#### WHAT TO DO
From top to bottom, write out the listing exactly and skip every picture.

#### SUPPLIED DATA
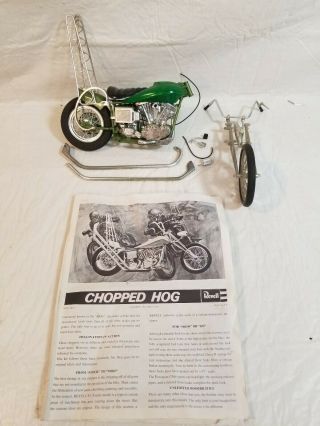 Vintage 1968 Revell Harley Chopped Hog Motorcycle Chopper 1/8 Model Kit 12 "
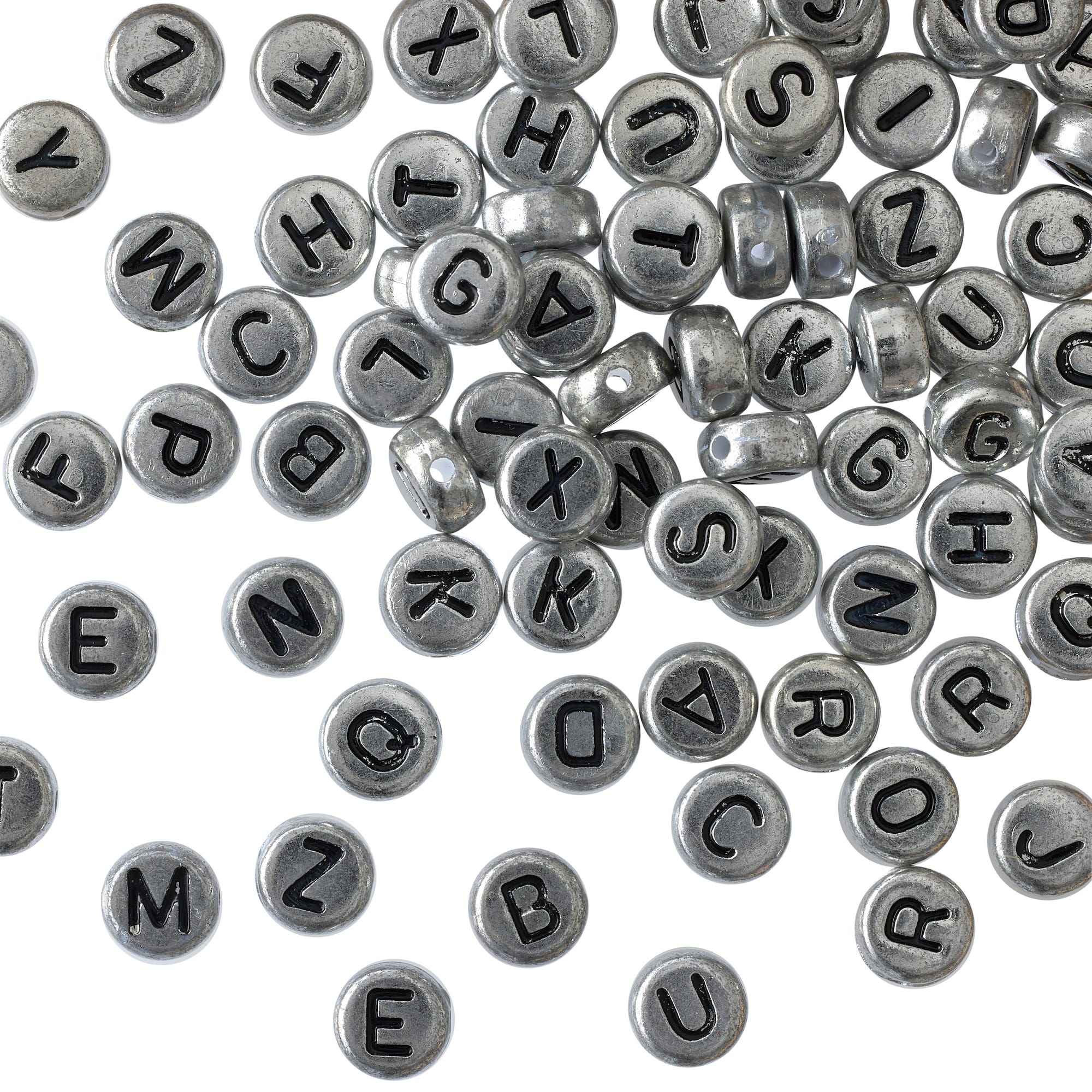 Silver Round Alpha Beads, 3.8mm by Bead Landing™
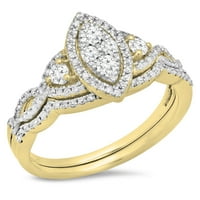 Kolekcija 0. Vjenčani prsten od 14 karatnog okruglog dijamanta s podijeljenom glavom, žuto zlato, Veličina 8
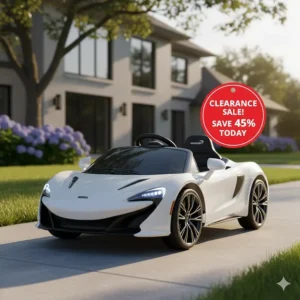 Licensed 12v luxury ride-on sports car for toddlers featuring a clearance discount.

#### ANSWER FOR THE TASK
 Vintage 1968 Revell Harley Chopped Hog Motorcycle Chopper 1/8 Model Kit 12 "
 Silver Round Alpha Beads, 3.8mm by Bead Landing™
 Kolekcija 0. Vjenčani prsten od 14 karatnog okruglog dijamanta s podijeljenom glavom, žuto zlato, Veličina 8
 Licensed 12v luxury ride-on sports car for toddlers featuring a clearance discount.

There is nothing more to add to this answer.